#### Prompt:
Print all of the data below exactly as it appears, leaving out every image.

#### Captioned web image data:
--- START ---
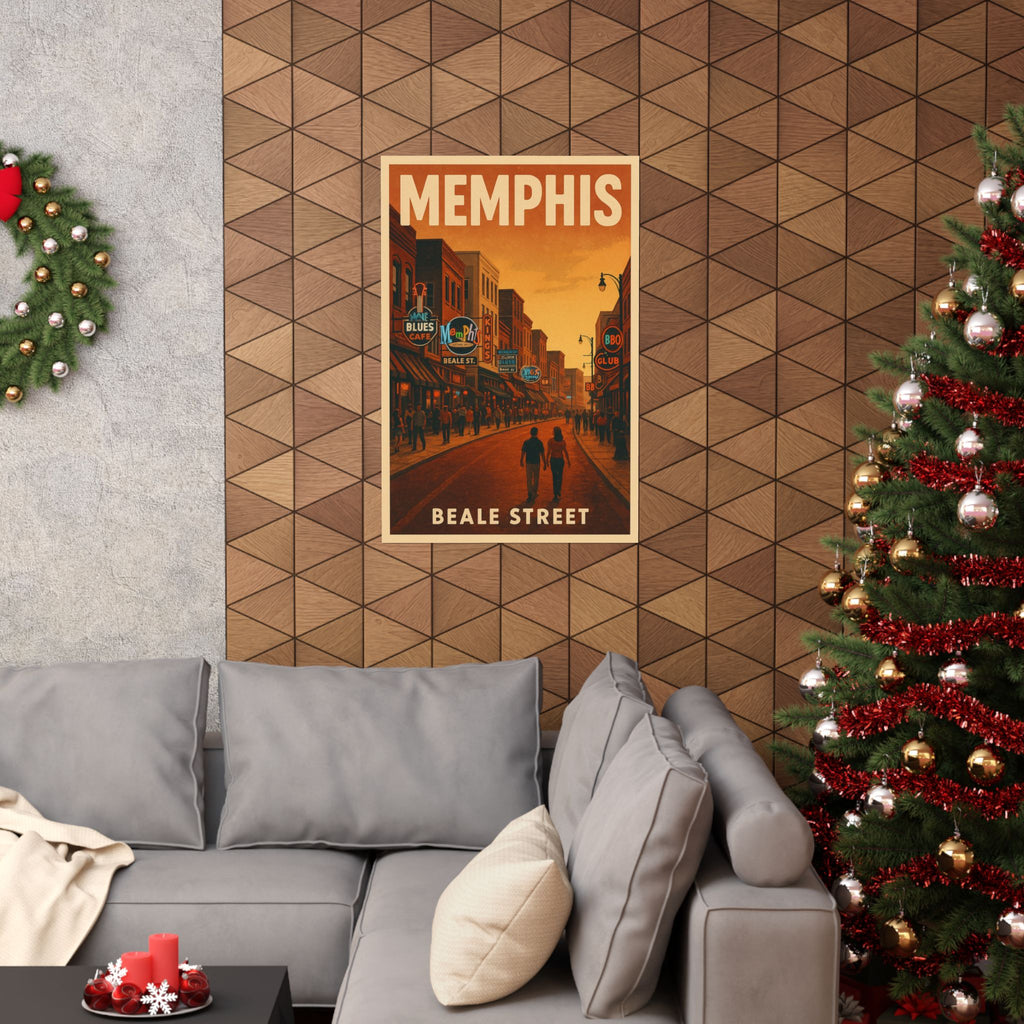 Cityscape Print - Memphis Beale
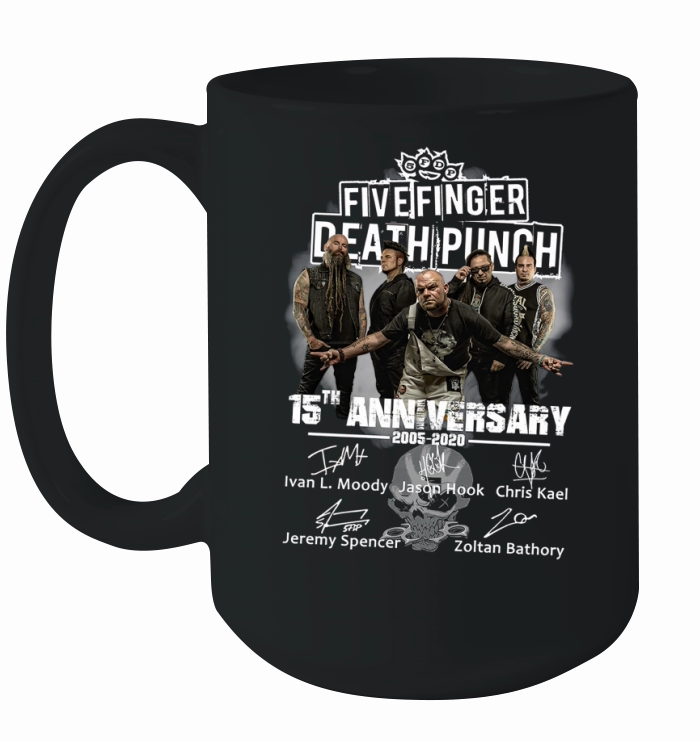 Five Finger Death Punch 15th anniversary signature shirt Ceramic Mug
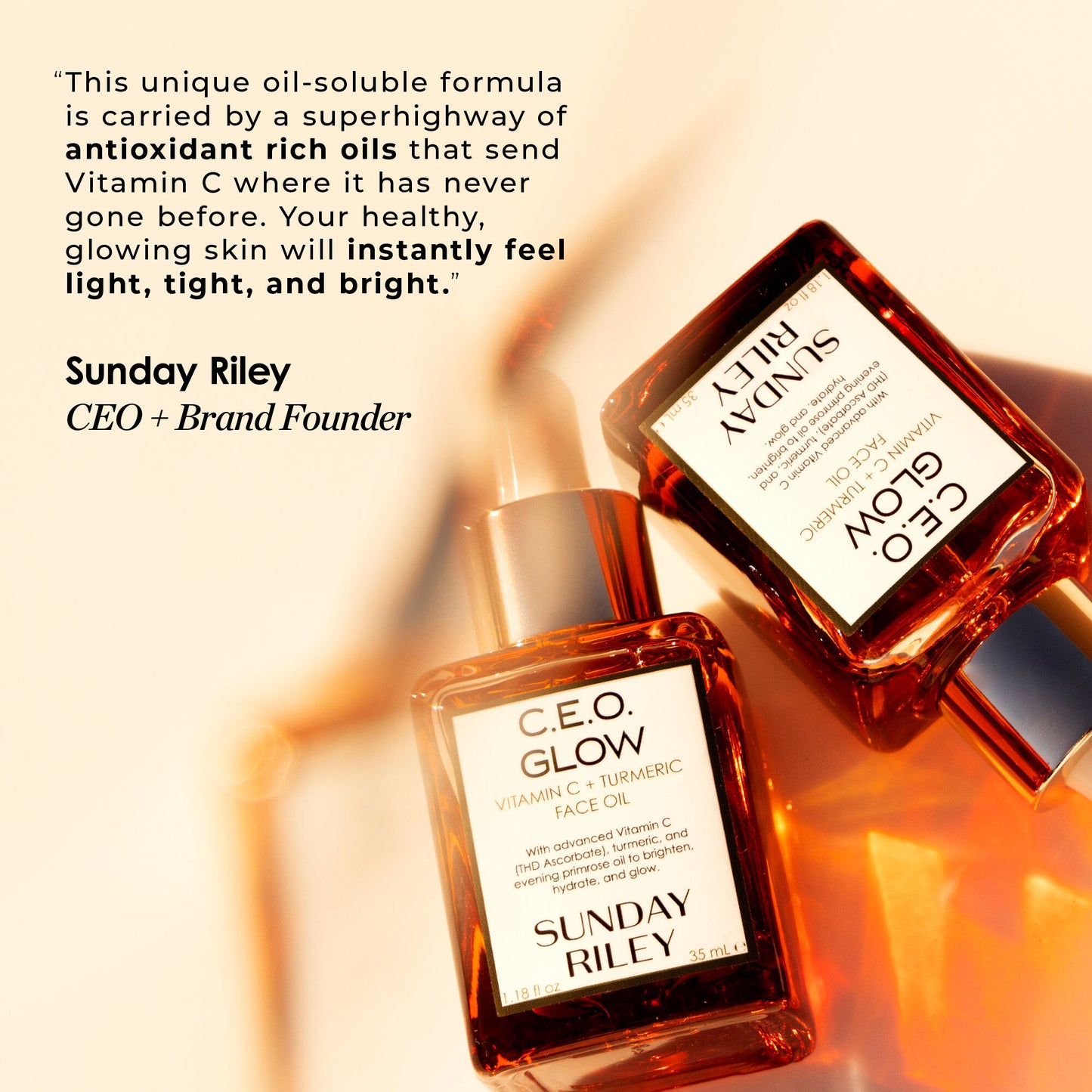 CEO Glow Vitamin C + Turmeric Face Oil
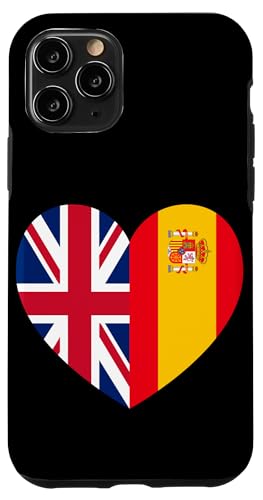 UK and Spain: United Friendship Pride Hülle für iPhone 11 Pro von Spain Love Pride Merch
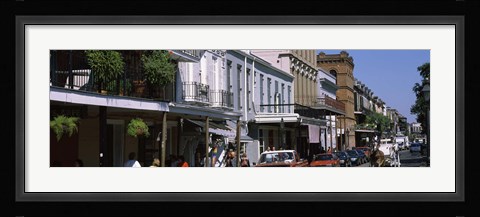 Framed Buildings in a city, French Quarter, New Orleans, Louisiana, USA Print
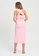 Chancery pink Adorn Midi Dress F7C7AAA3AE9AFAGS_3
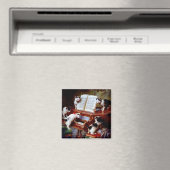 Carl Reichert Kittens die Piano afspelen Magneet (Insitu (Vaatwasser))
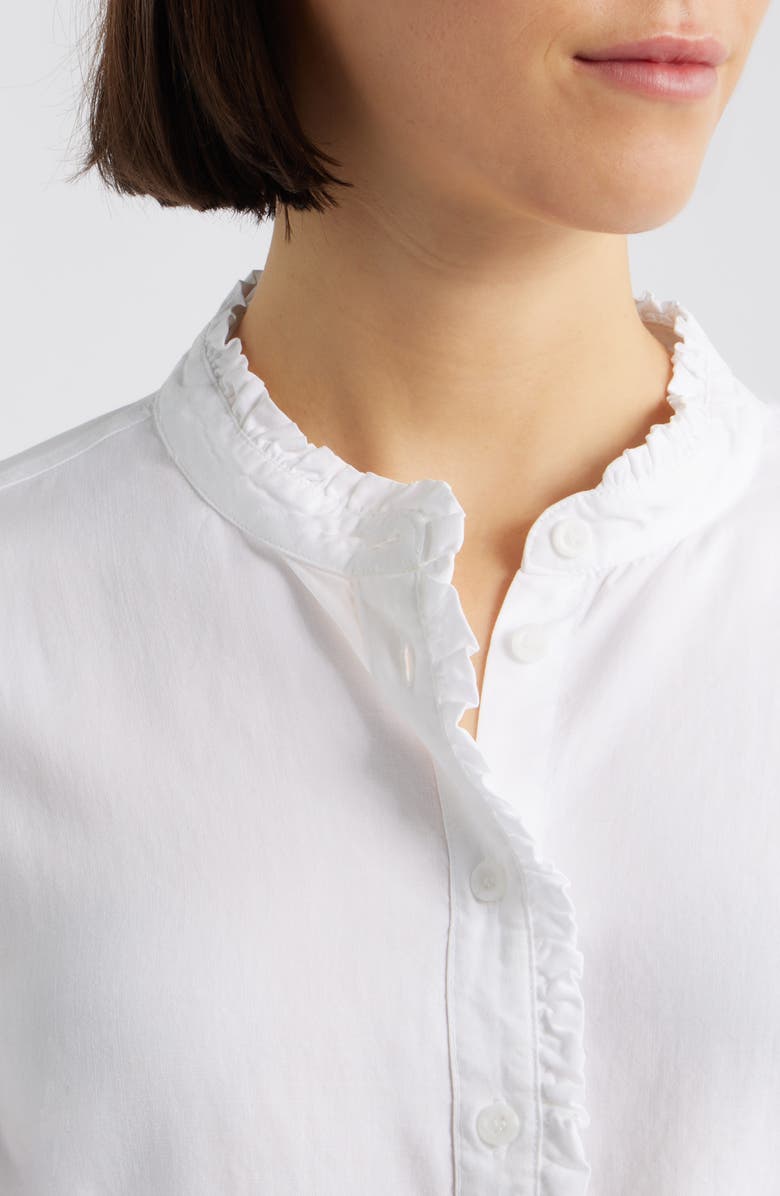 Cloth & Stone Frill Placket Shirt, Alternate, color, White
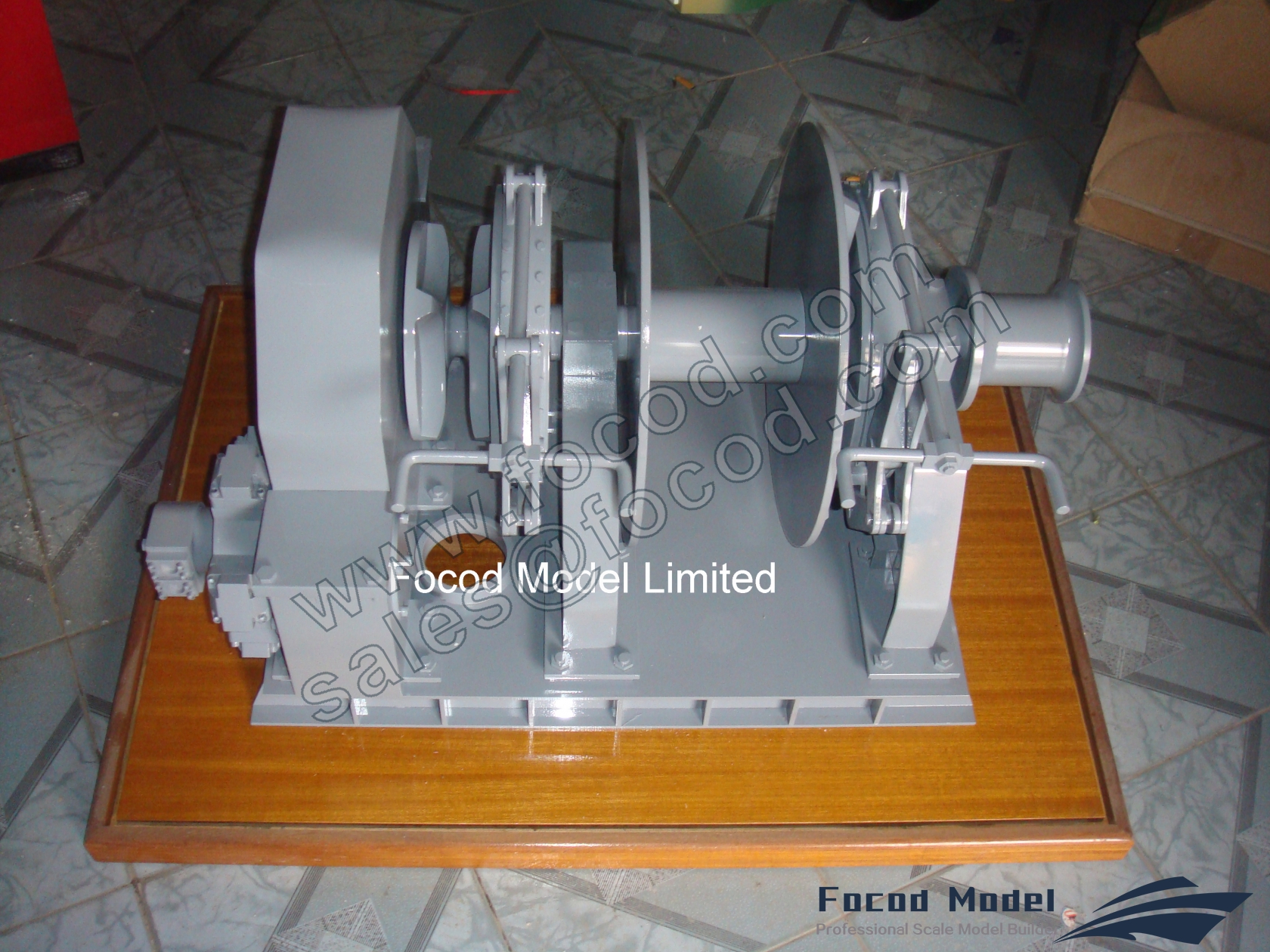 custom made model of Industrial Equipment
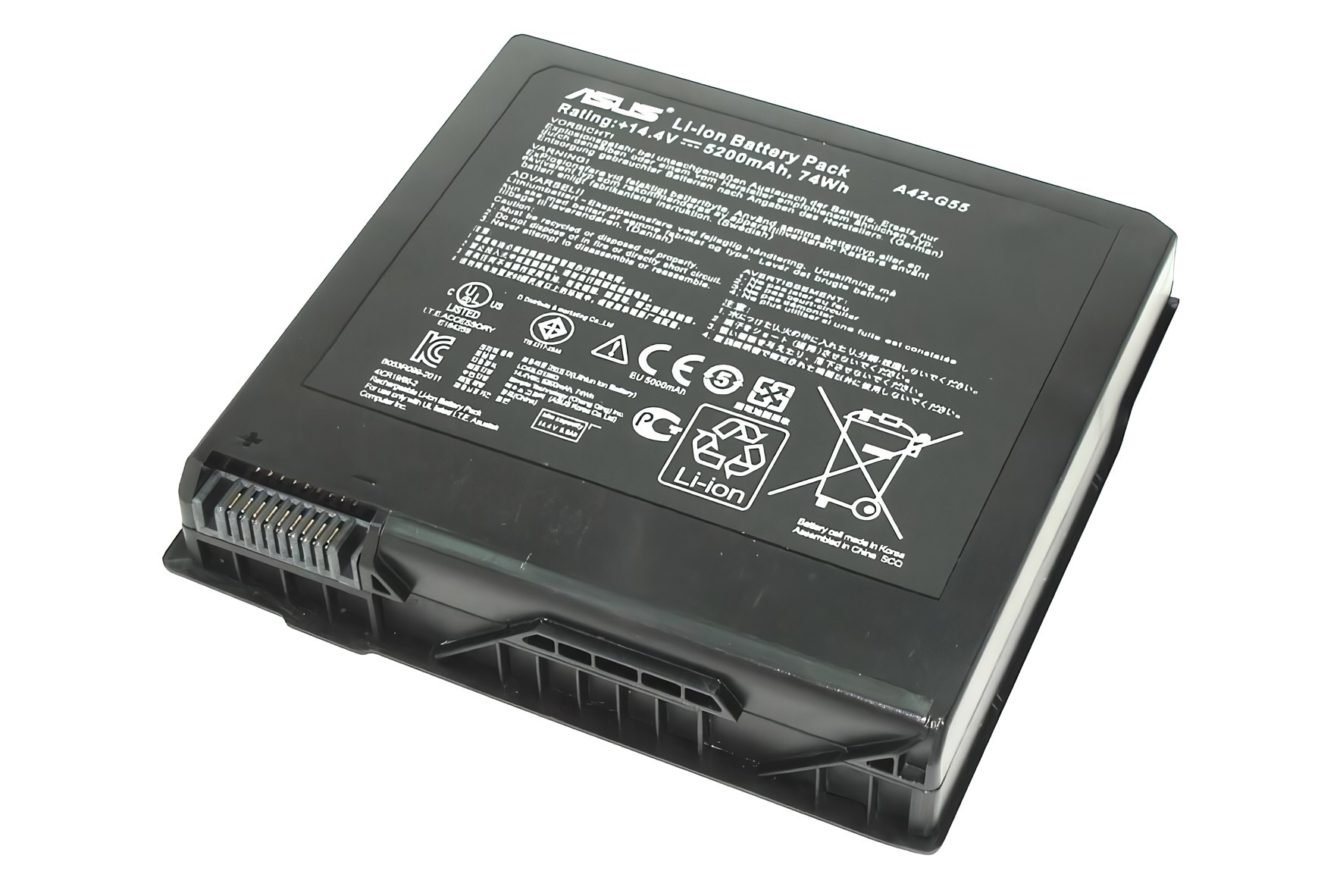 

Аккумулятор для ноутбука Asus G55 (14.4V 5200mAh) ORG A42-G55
--- END ---
#### Output:
 Cityscape Print - Memphis Beale
 Five Finger Death Punch 15th anniversary signature shirt Ceramic Mug
 CEO Glow Vitamin C + Turmeric Face Oil
 UK and Spain: United Friendship Pride Hülle für iPhone 11 Pro von Spain Love Pride Merch
 Framed Buildings in a city, French Quarter, New Orleans, Louisiana, USA Print
 Chancery pink Adorn Midi Dress F7C7AAA3AE9AFAGS_3
 Carl Reichert Kittens die Piano afspelen Magneet (Insitu (Vaatwasser))
 Cloth & Stone Frill Placket Shirt, Alternate, color, White
 custom made model of Industrial Equipment

Аккумулятор для ноутбука Asus G55 (14.4V 5200mAh) ORG A42-G55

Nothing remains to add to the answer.